Crítica de Elena Marina D'Aquila - Cinemarama

La extinción de las ideas

Los reptiles prehistóricos revividos por el hombre que habitan la Isla Nublar están en peligro. Un volcán en erupción puede volver a extinguirlos para siempre, pero la misión de esta nueva entrega es rescatarlos, o al menos eso es lo que el asistente de Lockwood, antiguo socio de Hammond, le dice a Claire, ahora convertida en una activista que defiende la salvación de los dinosaurios, para convencerla de sumarse a la expedición, que como fácilmente se adivina tiene más que ver con la preservación del dinero que con la de los animales.

Tal como sucede en la trama de la película, con Colin Trevorrow nuevamente a cargo del guion, pero con A. J. Bayona como director, las cosas no salen tan bien como se esperaba ni mucho menos.
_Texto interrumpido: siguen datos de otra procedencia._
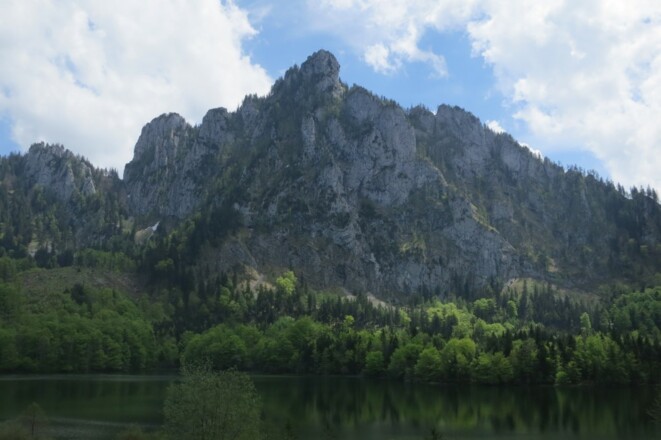 Katzenstein vom Laudachsee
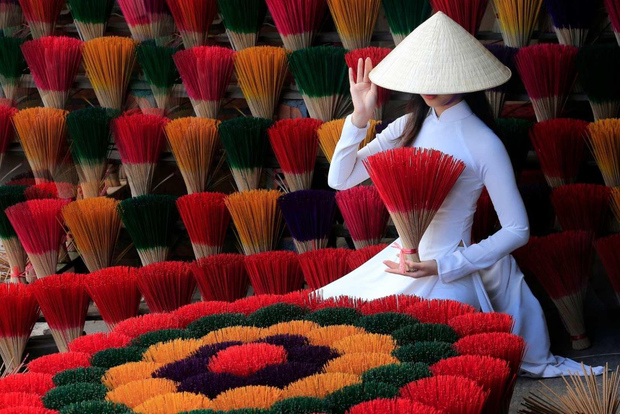 Экскурсия по Ханою с посещением деревни Инсенс, обедом и автобусом для небольшой группы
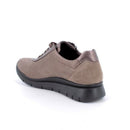 Scarpe da donna taupe laminato-beige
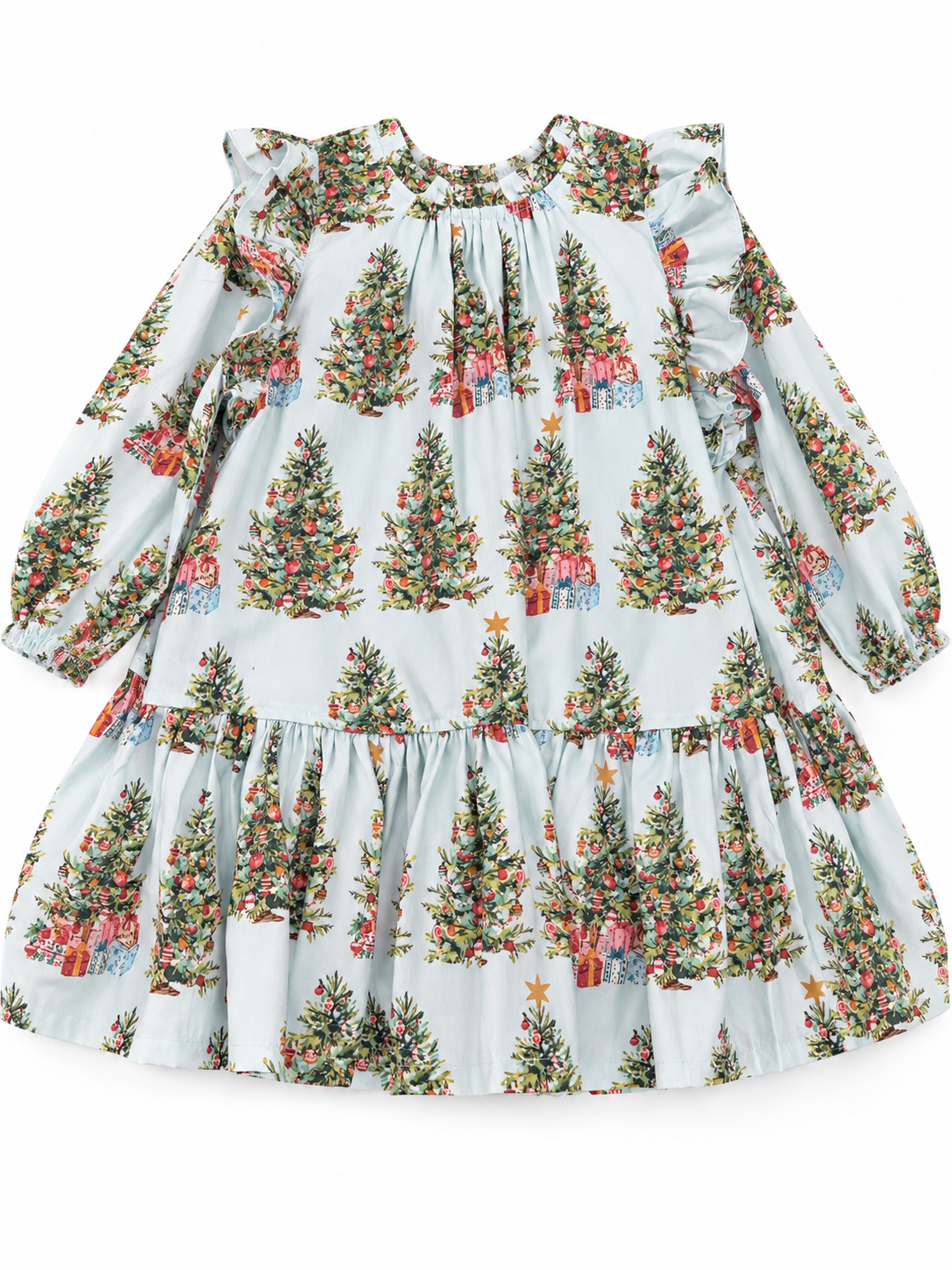 Trees and Presents Haper Dress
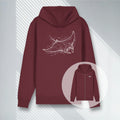 The Whaleshark | Oceanic Blueprints Edition – Premium Bio-Zipper (350g)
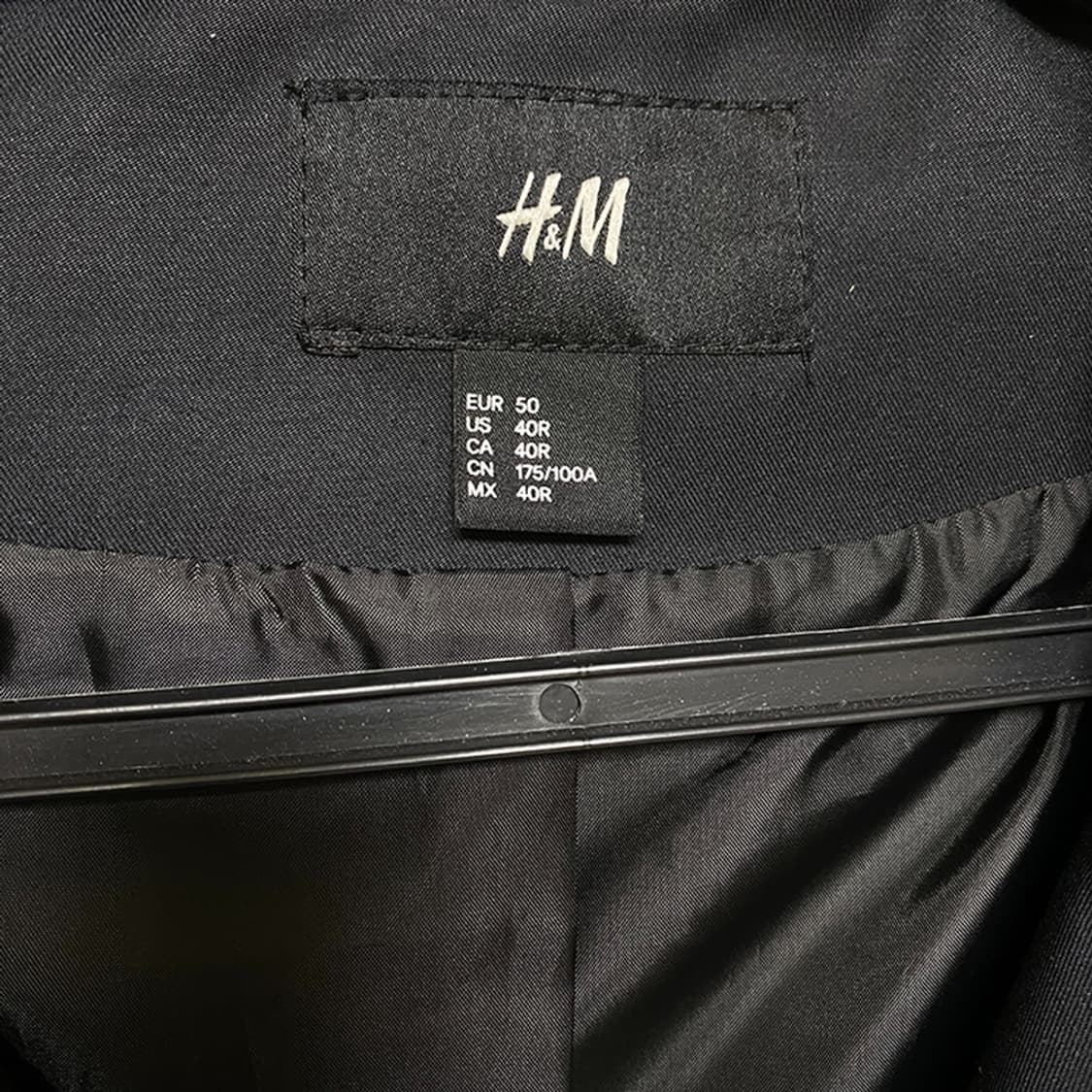 H&M 후디 하프 코트 상품이미지6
La película apela al carisma de Chris Pratt y a la nostalgia casi como único recurso: las brevísimas pero más que bienvenidas apariciones de Jeff Goldblum, el bastón de Hammond con el mosquito fosilizado dentro de la piedra preciosa y apenas unos acordes muy tenues del legendario tema compuesto por John Williams. Pero como esto ya no alcanza, agregan un par de personajes secundarios que no hacen más que rellenar tiempo y espacio, al igual que los villanos, que simplemente están ahí para cumplir el rol que manda el guion pero que podrían ser otros, da igual.

Con un factor humano casi nulo, porque además nunca se siente a los protagonistas en verdadero peligro. La emoción que genera la quinta película de la franquicia jurásica –o la secuela de esta reciente trilogía– viene por el lado animal: cada escena que tiene a Blue (el velociraptor criado por el personaje de Pratt) como protagonista recobra la potencia que había en la secuencia inicial. En esos momentos, la película recupera la energía y el espíritu juguetón de la franquicia. Lo mismo sucede cuando Maisie, la nieta de Lockwood, es perseguida por el Indoraptor: el relato se vuelve mucho más cinematográfico, oscuro y fantasmal a través del uso de las sombras como en el expresionismo alemán.

El resultado es una película despareja, en piloto automático, con momentos fascinantes y otros en los que el dilema moral, más presente que nunca antes en toda la franquicia gracias al español Bayona, se apodera de todo y la naturaleza cinematográfica no puede abrirse camino esta vez. Si bien no deja de ser efectiva, por primera vez en sus veinticinco años la saga pierde la precisión que tenía. Las escenas se sienten gastadas, repetidas, con un trazo cada vez más grueso, visual y sonoramente gigantes, cada vez más aturdidoras, pero sin el encanto, la sorpresa y el interés que generaban las películas anteriores.